_RECORD EXCERPTS:_
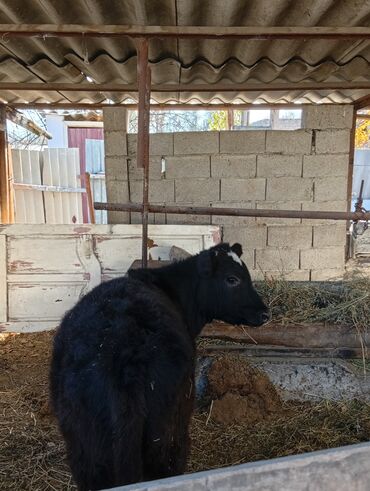 дойных коров: Сатам | Бука (эркек) | Көбөйтүү үчүн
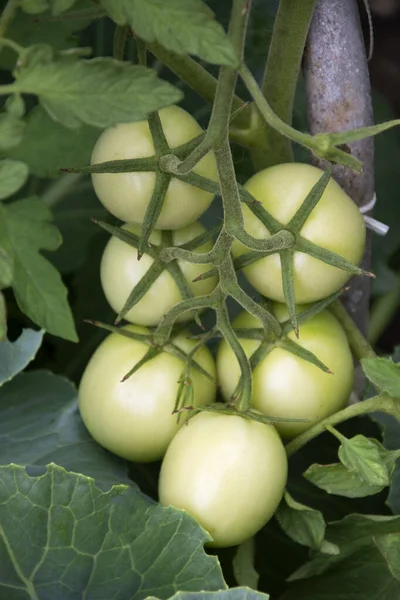 Ένα Κλαδί Πράσινες Ντομάτες Άγουρες Ντομάτες Κρέμονται Ένα Θάμνο Ένα — Φωτογραφία Αρχείου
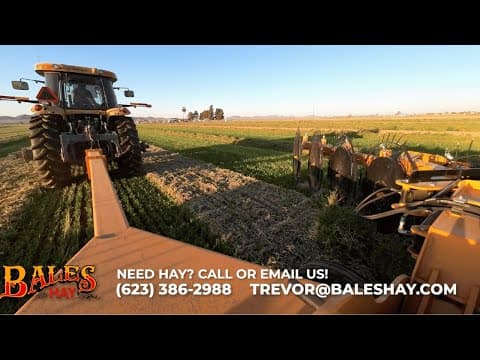 Testing Out The New Rake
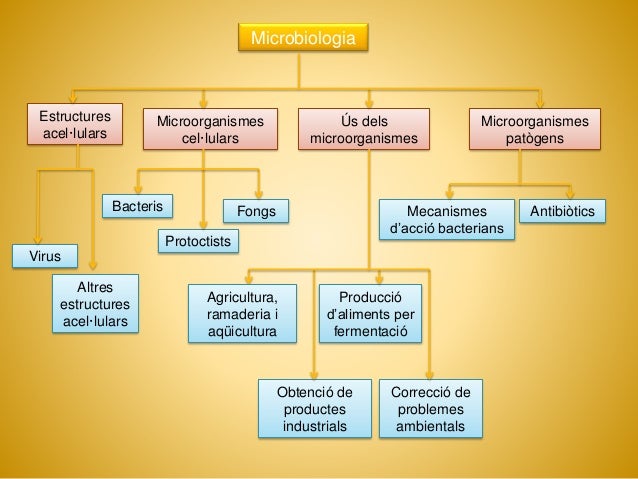 Biologia PAU. Microbiologia. CAT
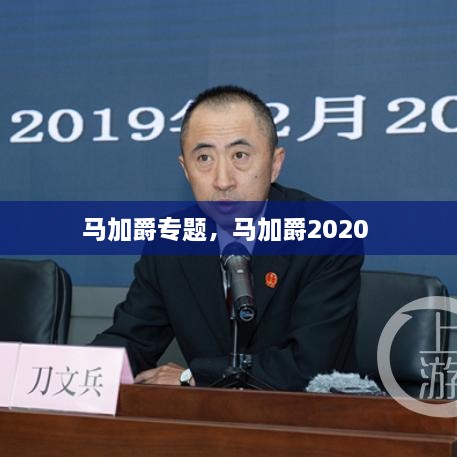 馬加爵專題，馬加爵2020 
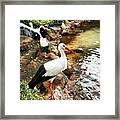 Dont Even Know What #bird This Is ? But Framed Print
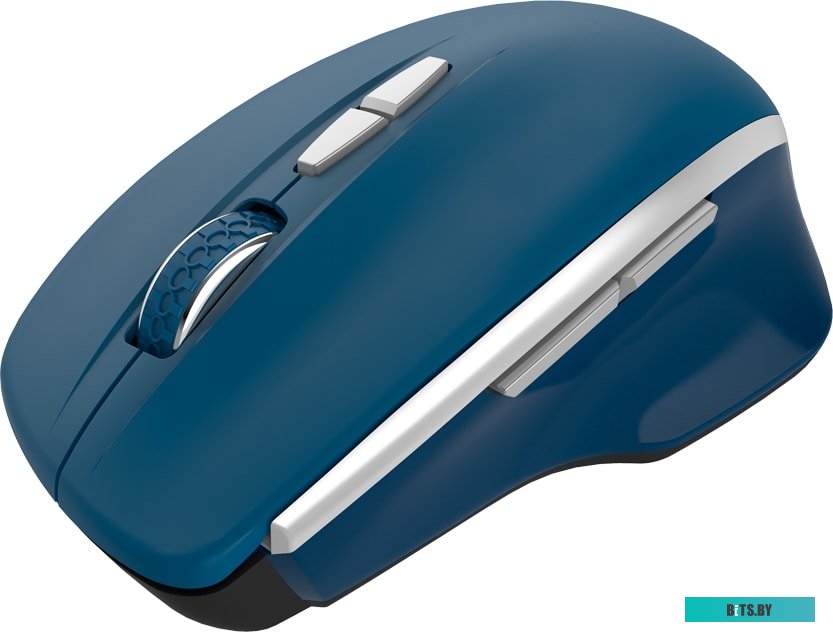 Мышь Canyon MW-21 (сапфир) <CNS-CMSW21BL>
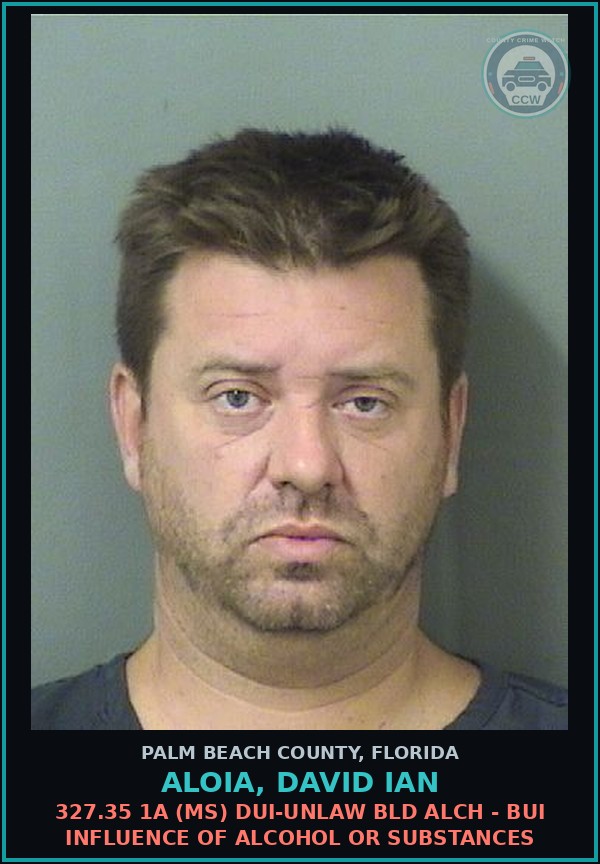 Booking mugshot of ALOIA, DAVID IAN in Palm Beach County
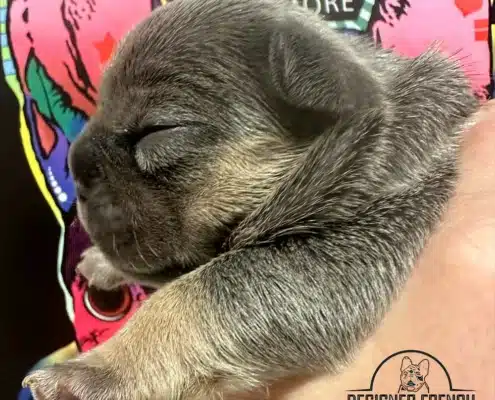 frenchie puppies
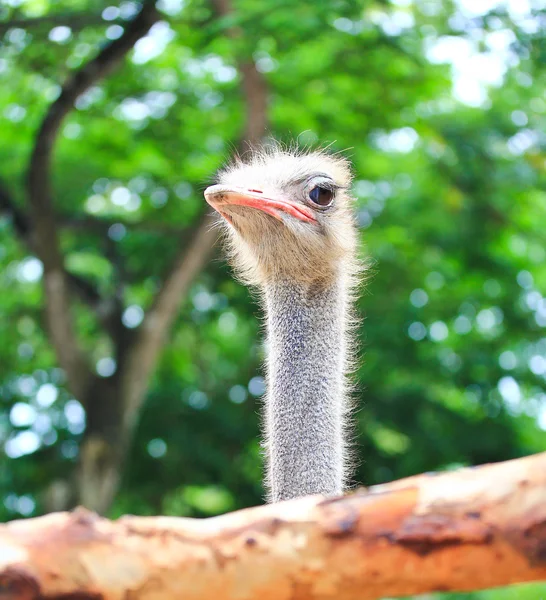 Struisvogel — Stockfoto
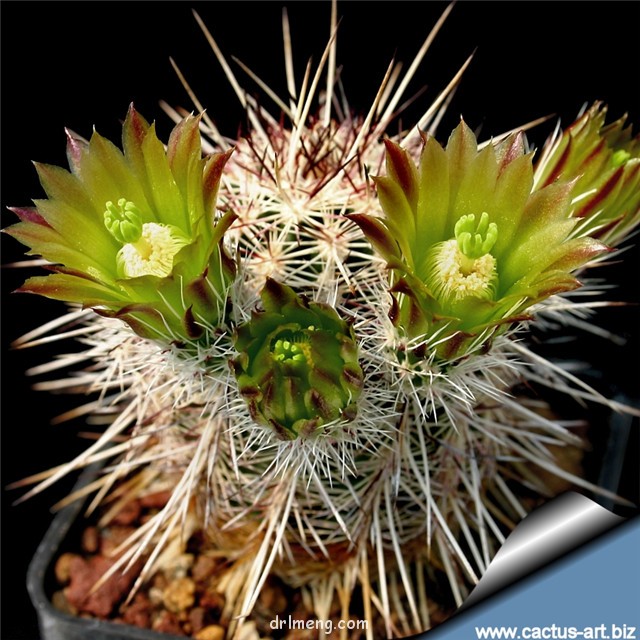 金栗虾 Echinocereus chloranthus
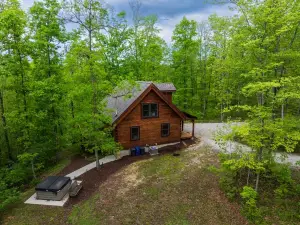 Tupelo - Hand hewn private log cabin with views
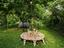 Immagine 17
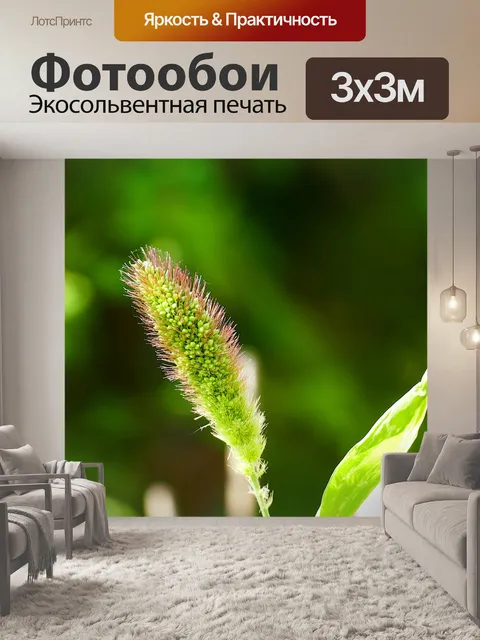 Фотообои Цветок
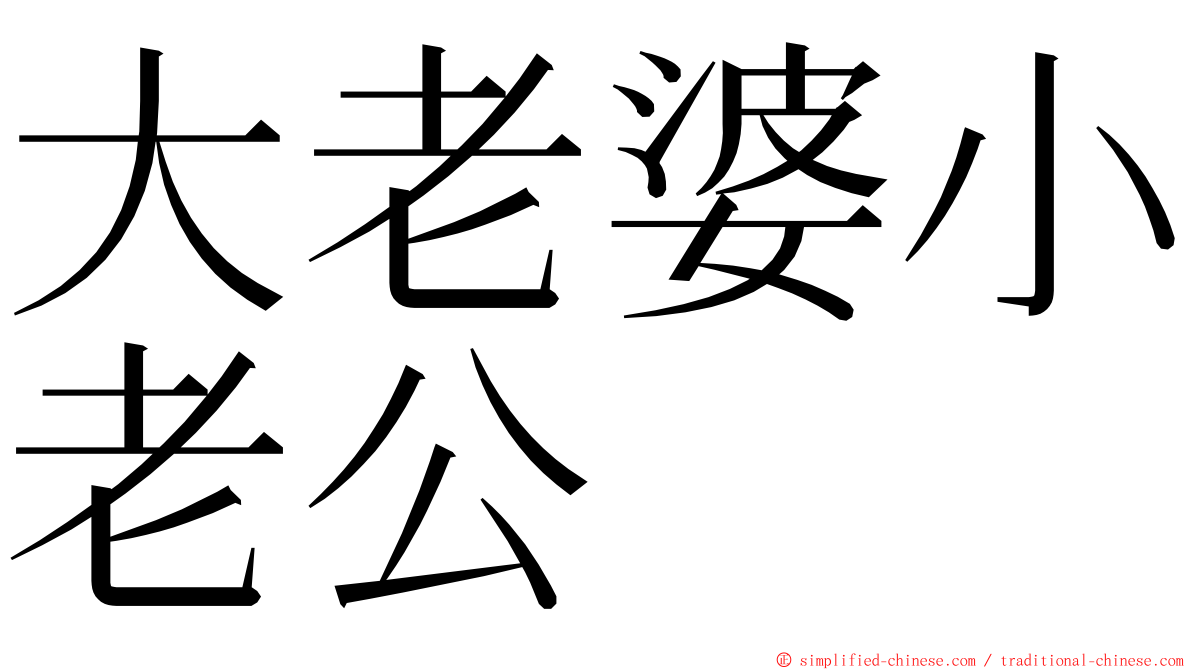 大老婆小老公 ming font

_EXERCISE DIRECTIONS:_ Above are the records; copy every one of them exactly and omit the images.

_RESULT:_
 дойных коров: Сатам | Бука (эркек) | Көбөйтүү үчүн
 Ένα Κλαδί Πράσινες Ντομάτες Άγουρες Ντομάτες Κρέμονται Ένα Θάμνο Ένα — Φωτογραφία Αρχείου
 Testing Out The New Rake
 Biologia PAU. Microbiologia. CAT
 馬加爵專題，馬加爵2020 
 Dont Even Know What #bird This Is ? But Framed Print
 Мышь Canyon MW-21 (сапфир) <CNS-CMSW21BL>
 Booking mugshot of ALOIA, DAVID IAN in Palm Beach County
 frenchie puppies
 Struisvogel — Stockfoto
 金栗虾 Echinocereus chloranthus
 Tupelo - Hand hewn private log cabin with views
 Immagine 17
 Фотообои Цветок
 大老婆小老公 ming font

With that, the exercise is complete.